The slab marks the grave of Anne Pigott, born Anne Dowdall, and the inscription identifies her as the eldest daughter of Sir John Dowdall of Kilfeny, Knight. She died on the twenty-second day of October 1673. The details were recorded in the Urban Survey of Limerick, compiled by Bradley and colleagues in 1989, which noted the slab's dimensions: 1.96 metres long by 0.91 metres wide. The chancel in which it lies belongs to the medieval church at Rathkeale, a town in west Limerick with a long history of Anglo-Norman settlement. The Dowdall family connection to Kilfeny and the title of knight attached to her father suggest a family of some local standing, though the inscription itself makes no further claims beyond lineage and date.
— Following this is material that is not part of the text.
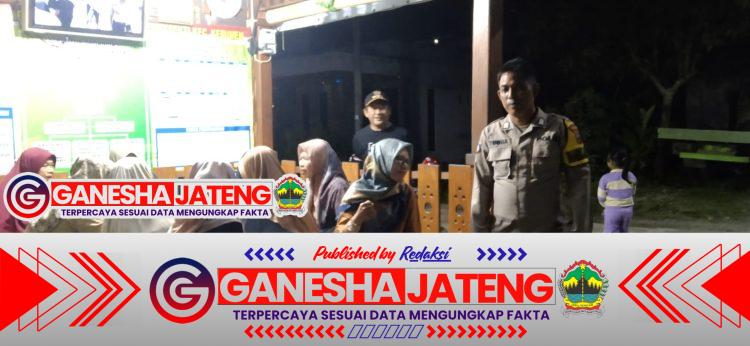 Ibu-Ibu Desa Gemeksekti Turut Jaga Kamtibmas Lewat Ronda Malam Setiap Sabtu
The church ruin at Rathkeale is the site to look for, catalogued under the record number LI029-031004- in the National Monuments inventory. The chancel area, where graveslabs of this type were typically placed to honour individuals of higher social rank, is where the stone lies. Graveslabs of this period are often easy to overlook underfoot, particularly when lichen or wear has softened the lettering, so it is worth taking time to read the surface carefully rather than scanning it at a glance. Flat light on an overcast day tends to bring incised inscriptions into better relief than direct sunshine, which can wash out shallow cuts in pale limestone.